On Fri, Apr 03, 2015 at 05:17:04PM -1000, Brian Smith wrote:
> Conversely, there is a clear record of my objection to the
> zero-padding mechanism on the mailing list, and there seems to be at
> least some mild support for my suggested alternative of deriving the
> initial nonce from the keyblock. I think I provided a good
> justification for moving to the randomized initial nonce. I think that
> the concerns about it being more work to support a randomized nonce in
> crypto modules that attempt to enforce a cryptographic boundary are
> valid,m but those concerns outweigh the security benefits of starting
> with a randomized nonce. I would be happy to work with the people who
> expressed that concern to show that a randomized initial nonce can
> work well and isn't unreasonably burdensome even in such products.

The stated reason for not deriving IV from keyblock is to support
"hardware modules" that don't know about TLS.

I do not think such support is actually possible without
severe restrictions: One major problem (and there are others) is
interaction of resumption and TLS-unique (which is needed for
e.g. token binding). TLS-Unique value is public. But on resumption,
it needs to depend on resumption key, which is secret (resumption
key can be abused to misuse client certificates).

Second problem: If TLS-Extractor is to be supported, those values
are keying and publically binding at the same time (I have seen
examples of both in various widely used protocols). Keying means
there is no choice but to derive from secret values. Publically
binding means the values are public.

Deprecating either of TLS-Unique or TLS-Extractor or changing properties
thereof does not seem to be an option, so full TLS 1.3 needs to derive
public values out of private ones anyway.

Also, exposing nonce generation to "untrusted" code seems pretty
dangerous, given how fragile most fast AEAD ciphers are (it is difficult
to even imagine worse nAEAD in this regard than *-GCM).
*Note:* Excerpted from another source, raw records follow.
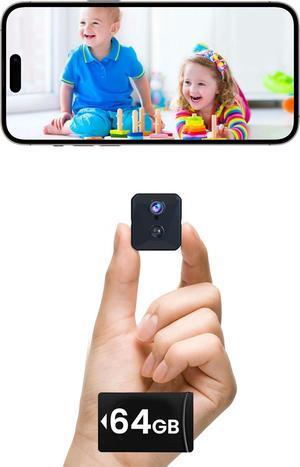 Spy Camera, 2K Mini Camera with SD Card, Wireless Video Recorder with Cloud & SD Storage, 100-Day Standby Time Nanny Cam, Cam for Home Security AI Motion Detection, Auto Night Vision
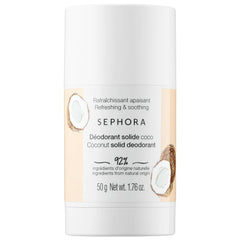SEPHORA Coconut Solid Deodorant packaging highlighting aluminum-free formula for everyday freshness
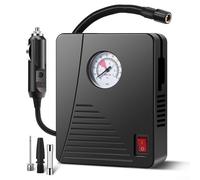 Inflador de neumáticos de coche eléctrico de 12 V, bomba portátil con luz LED, potencia de 96 W, presión de 100 psi, tasa de flujo mínimo de 35 l, para motocicleta, bicicleta y bola, color negro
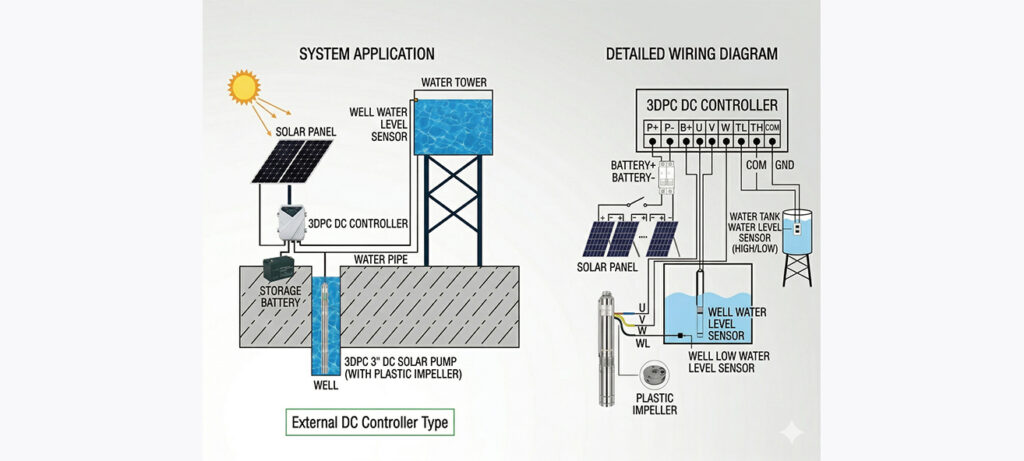 Brushless DC Solar Water Pump Technical Data Image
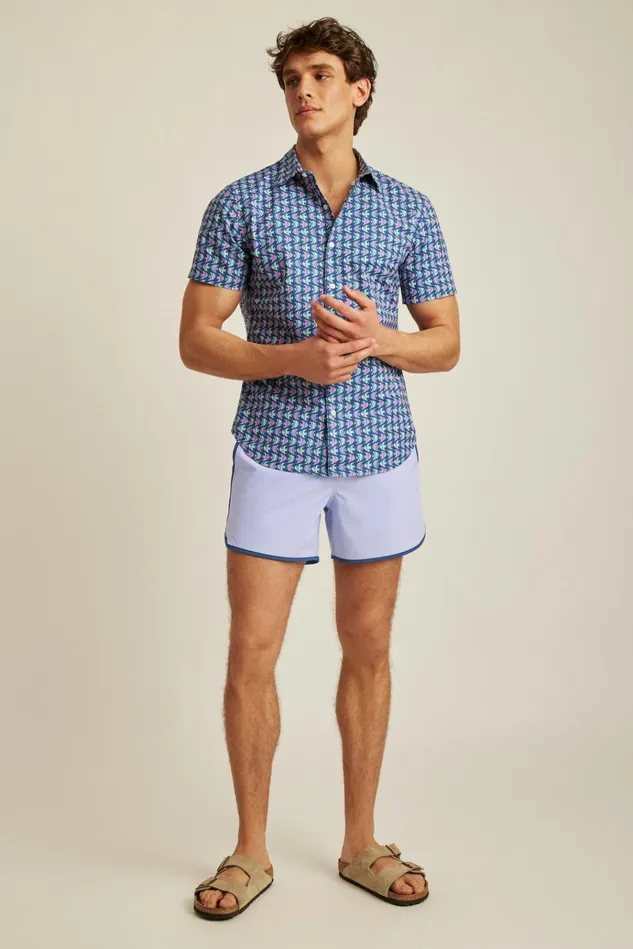 Men Casual Shirts Bonobos Riviera Short Sleeve Shirt Navy Pink Fish Waves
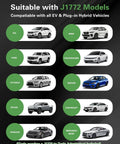 Image showing various car models compatible with J1772, related to Level 2 EV Charger For Home And On The Go, 40 Amps At 220 To 240 Volts, 9.6 kW Fast Charge, 25 Foot Cable With NEMA 14 50 Plug, Plug And Play Ready, Adjustable Current And Delay Charging, J1772 Compatible Portable Electric Vehicle Charger.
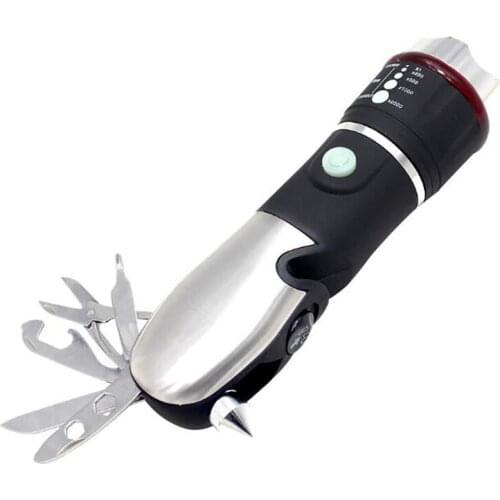 Auto Emergency Tool & Flashlight with Safety Hammer & Multi-function Knife Tools Outdoor Camping Flashlight Battery Charged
> I've also thought of another reason why it seems useful to start with
> a randomized initial nonce: As mentioned previously on this list, in
> reality many AES-GCM implementations are far from being constant-time.
> As far as I can reason, AES-GCM with predictable nonces, combined with
> predictable plaintext and/or chosen plaintext, seem more likely to
> attack via side channel attacks than AES-GCM with randomized nonces.
> This is another significant advantage of randomization.

As a datapoint about (lack of) hardware support for AES-GCM: When
Cloudflare turned Chacha ciphers on, it took about one fourth
of the AES-GCM connection count (other ciphers didn't bulge).

> It seems like zero padding would be a regression from what
> TLS 1.2 does, in terms of security. I find that concerning.

As brought up in the meeting, 128 bit ciphers are suspectable
to multi-key weakening (it is an generic attack against
symmetric ciphers). The answer was to use 256-bit ciphers, but
AES-256 isn't that widely supported (I think Chrome is planning
to deprecate it[1]).

Then when it comes to cipher-specific weaknesses (and we know
that ciphers have annoying tendency to stay in use way past
the best before date, *cough* RC4 *cough*), it depends on type
of weakness if having a known nonce significantly helps breaking
or not.

BTW: SSLv3 applied special handling for EXPORT ciphers: The
initial IV was derived in public way[2] (instead from keyblock
like non-export ciphers). Of course, didn't matter much,
given that all IVs were for CBC modes.

[1] Also on some security-oriented forums, one frequently
hears remarks about AES-256-CBC being worse than AES-128-GCM.

[2] I think this was a due to a restriction on export
ciphers that disallowed hiding the nonces.